Apple’s marketing efforts for the Pippin were not as strong as they could have been. The company didn’t effectively communicate the value proposition of the platform to consumers. Many potential customers were unaware of its existence altogether.
Furthermore, Apple’s marketing teams could not persuade anyone of Pippin’s superior capabilities that extended beyond gaming.
The fact that the product was marketed as a gaming system didn’t help its case. So despite Apple’s bet on a broader supply of CD-ROM titles for the Pippin, quality Pippin games were scarce, pushing away potential gamers.
Lesson: Marketing is the New Soft Power
A clear marketing message directed towards the right target segment at the right time can make your business.
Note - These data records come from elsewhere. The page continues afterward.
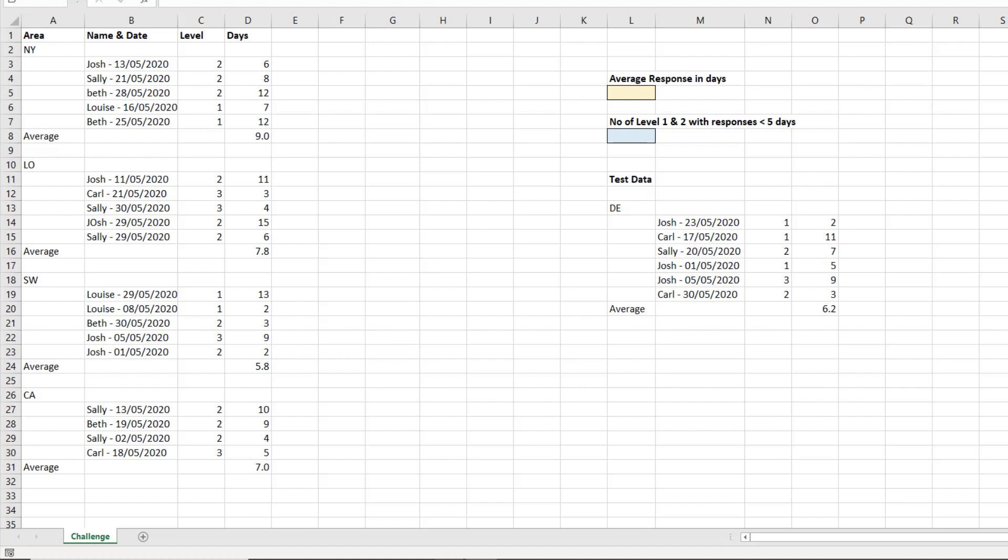Testing yourself and working with challenges like this is a great way to learn and develop your Excel skills.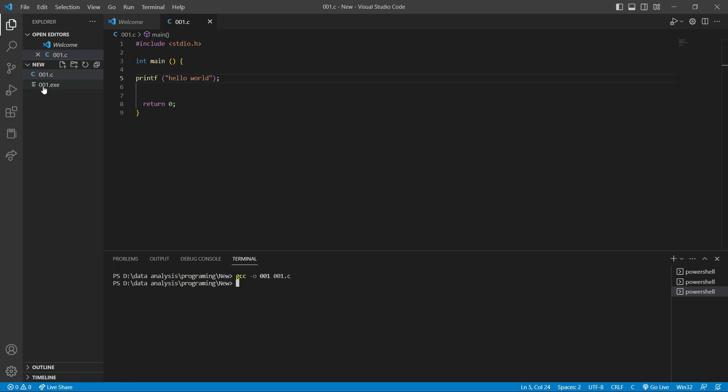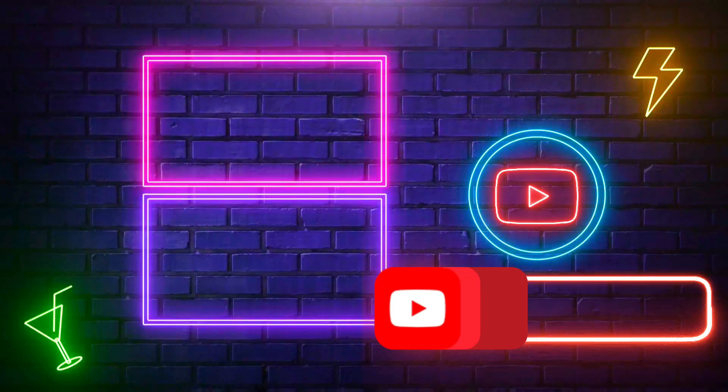So as you can see, we have compiled the file here, and we will run it. The name of this file is 001. We will here write dot slash 001 and hit enter. As you can see here, we printed the hello world.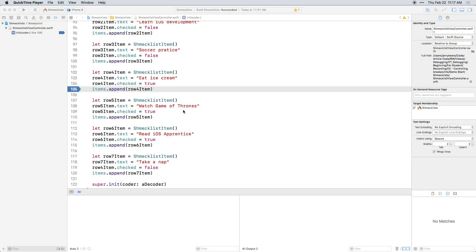In the previous video, you just set one breakpoint in init. There must be something different about the two checklist items that are getting checked and the one checklist item that isn't getting checked.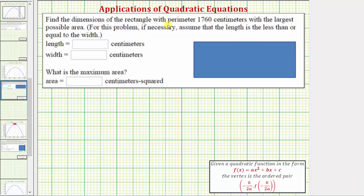We're asked to find the dimensions of the rectangle with perimeter 1760 centimeters with the largest possible area. For this problem, if necessary, assume that the length is less than or equal to the width.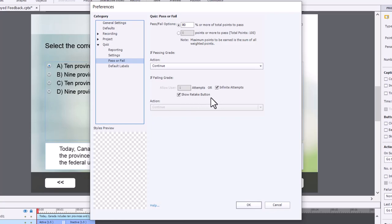Keep in mind, though, that if you allow your learners to review the quiz, the ability to retake that assessment goes away once you've reviewed the quiz. And they would need to exit the course and relaunch and take the course again. That's standard for any Adobe Captivate project.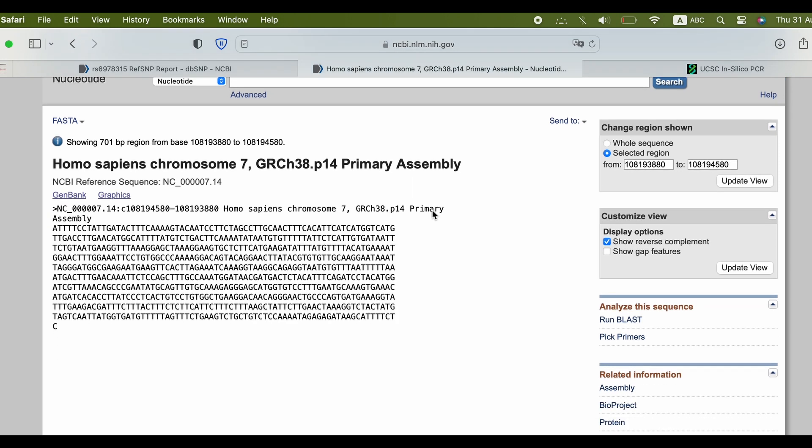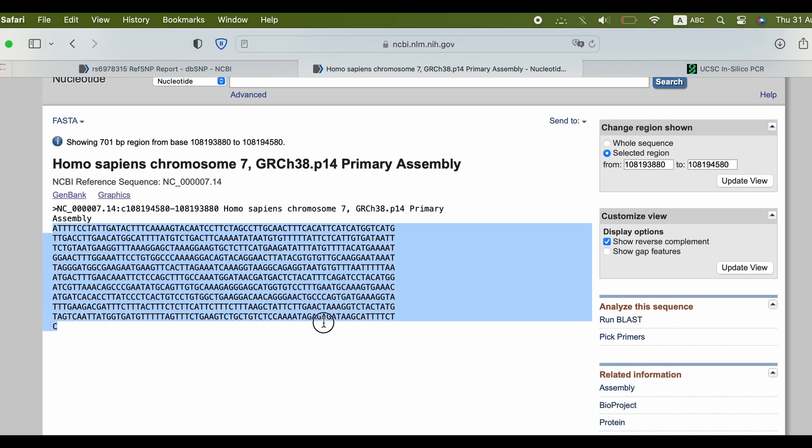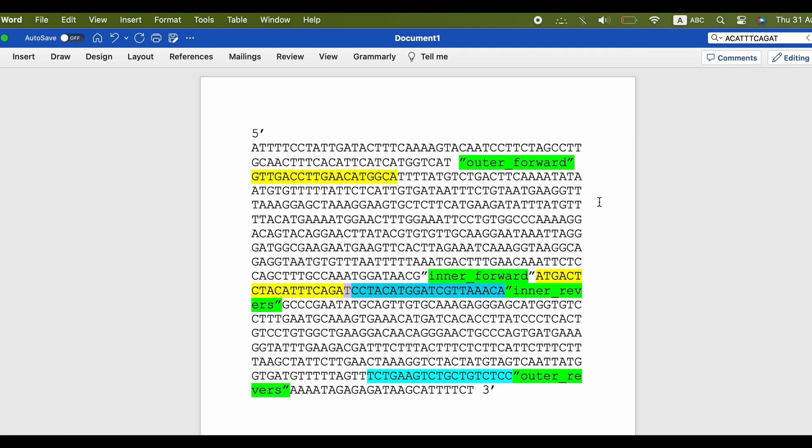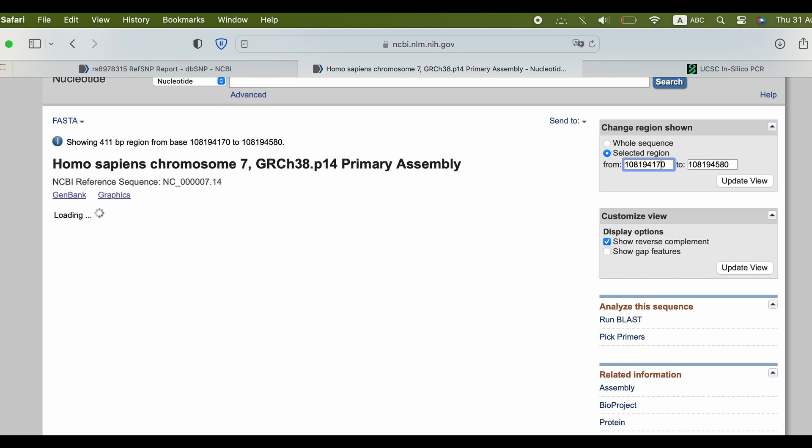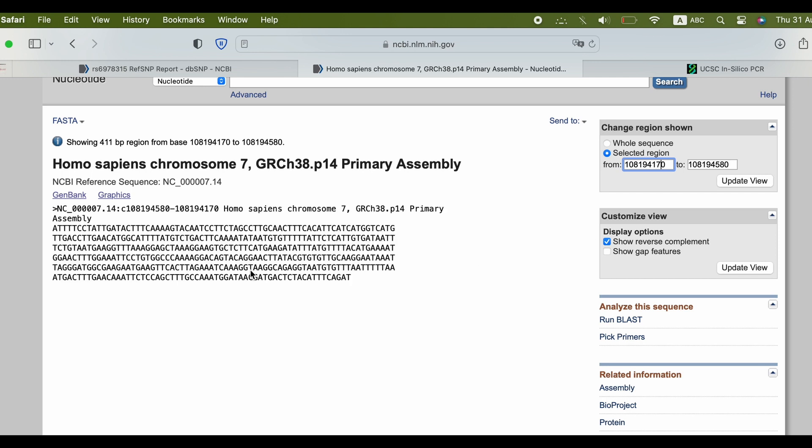Copy the sequence and paste it in a Word file. To find the SNP add ten bases beside the position, as you see, and then use search in Word to find the SNP.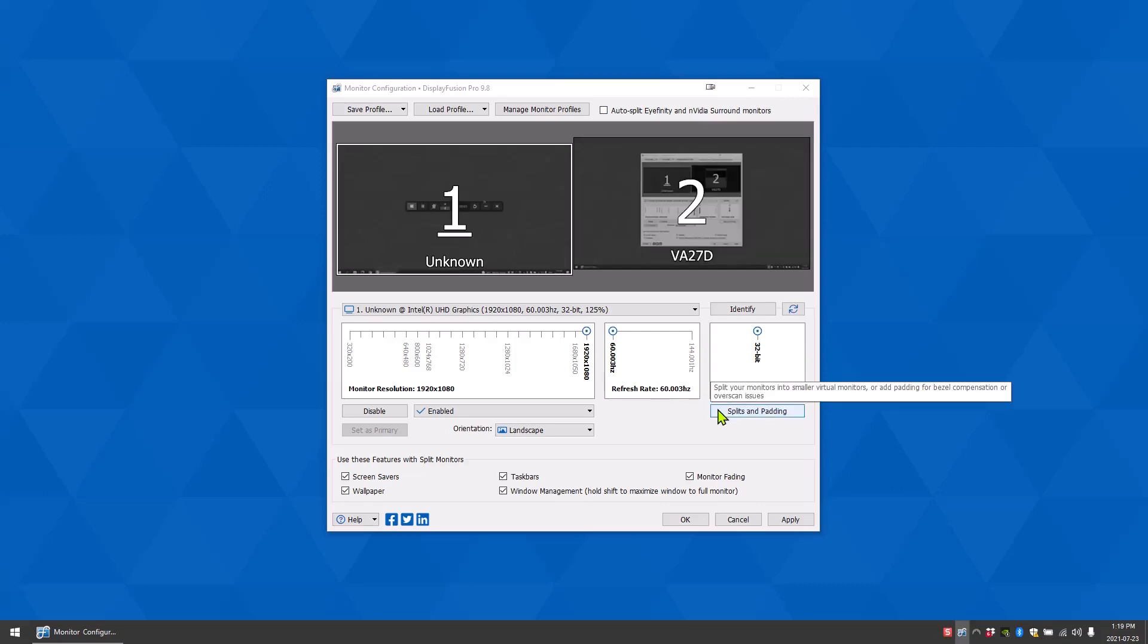The splits and paddings button opens the splits and paddings window where you can configure monitor splits. Check out our video configuring monitor splits on our channel for more information.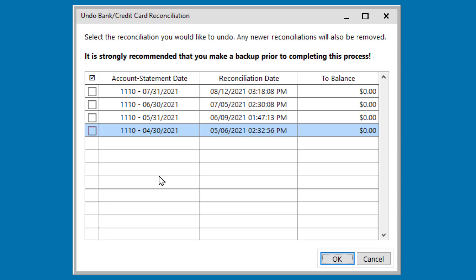But before we dig into that functionality, I want to point out another new feature here, and this is to try and help keep you from causing future problems. The reconciliation process in PowerChurch really needs to be done on consecutive bank statements, moving forward month by month from oldest to newest.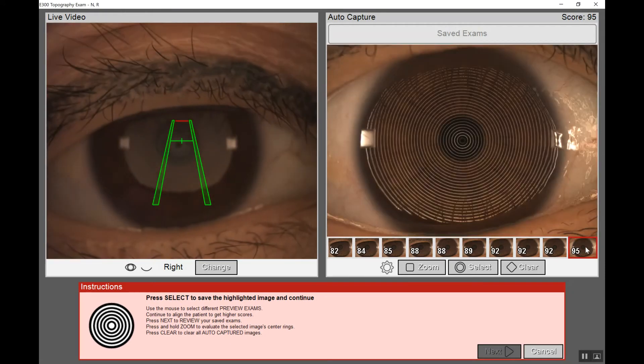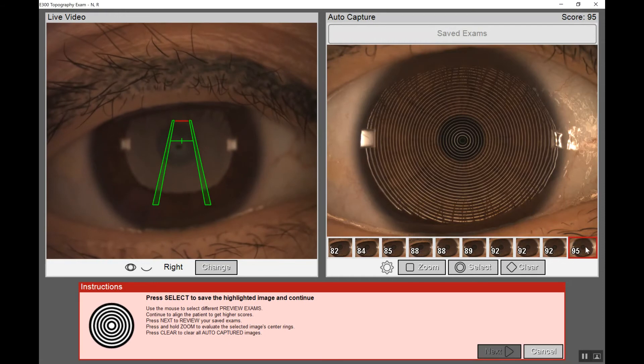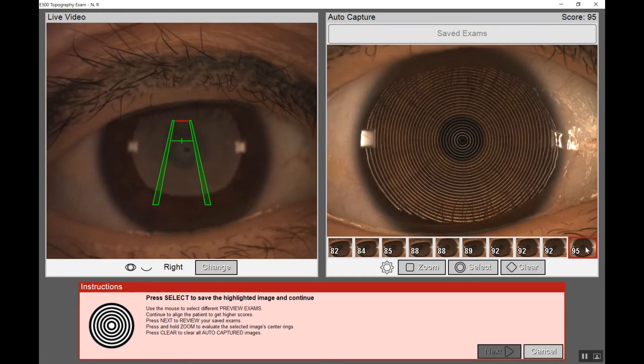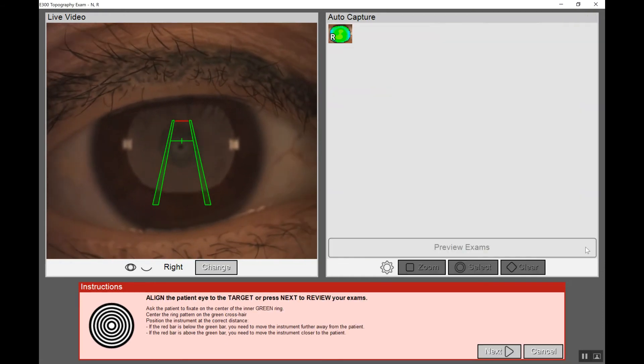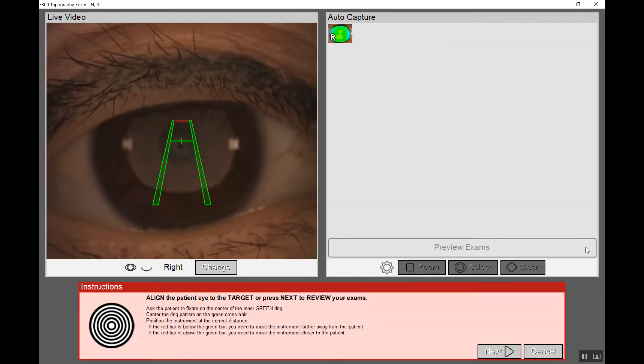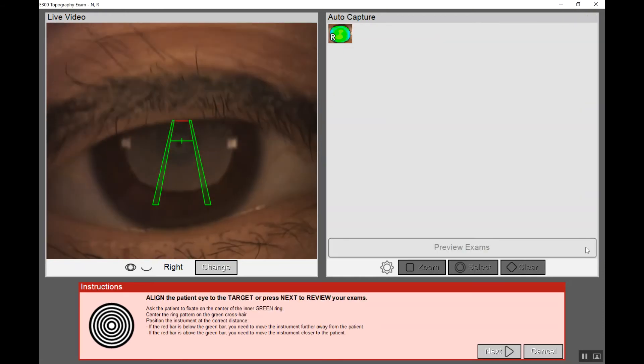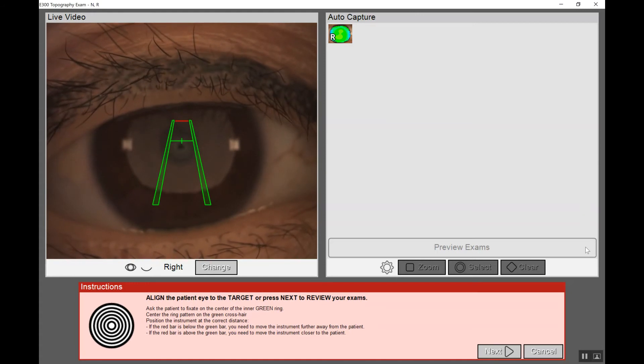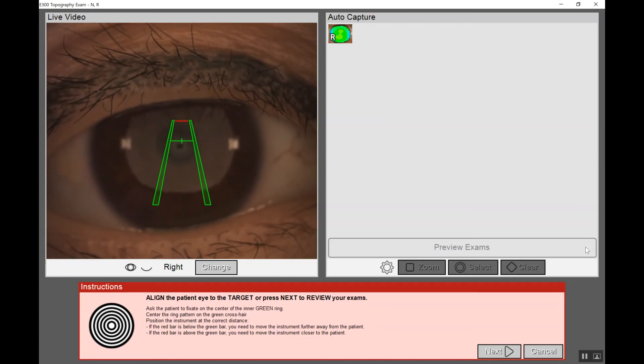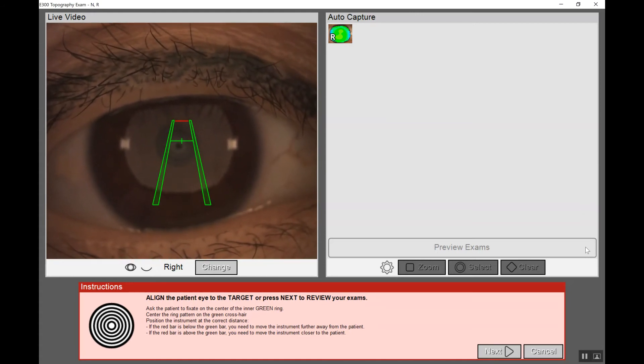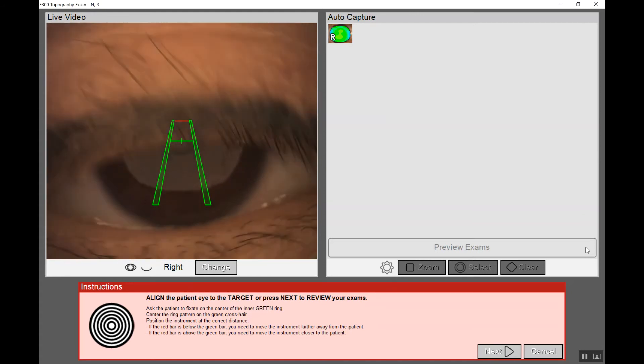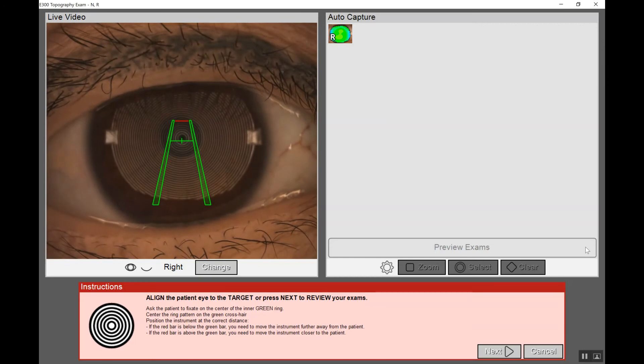If we're happy with the capture, we can click select and that will suspend that image in order for us to take additional captures before we're ready to save all of the captured images.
And even though digital marketing is a relatively new concept and wasn’t much around the time of Apple Pippin, marketing has always been there.
Apple has always succeeded in creating brand value and recognition for its computers and mobile devices, but it failed to do so for Pippin games.
However, you don’t have to make the same mistake to create brand awareness and loyalty in prospective customers.
Leverage the power of the internet and social media to reach new business heights!
Closing Thoughts: Why did Apple Pippin Fail?
Even though Apple was involved in Apple Pippin games development, it was not fully committed to the project and observed it primarily as an open platform for others to develop customized products.
And all of these problems combined to result in Apple and Bandai selling only about 42,000 Pippins globally. Apple was also in a lot of trouble at the time and was on the edge of bankruptcy at one point.
Therefore, after negotiating a merger with Sega, Bandai dropped Pippin, and Apple stopped licensing the software at the suggestion of Steve Jobs.
Pippin was canceled in 1997 after selling only 42,000 copies. It’s a niche console that could have done better had it been released sooner. Because many of its video games have not been emulated or re-released, it is still popular among some gamers.
However, it remains a relatively obscure and short-lived product in Apple’s history.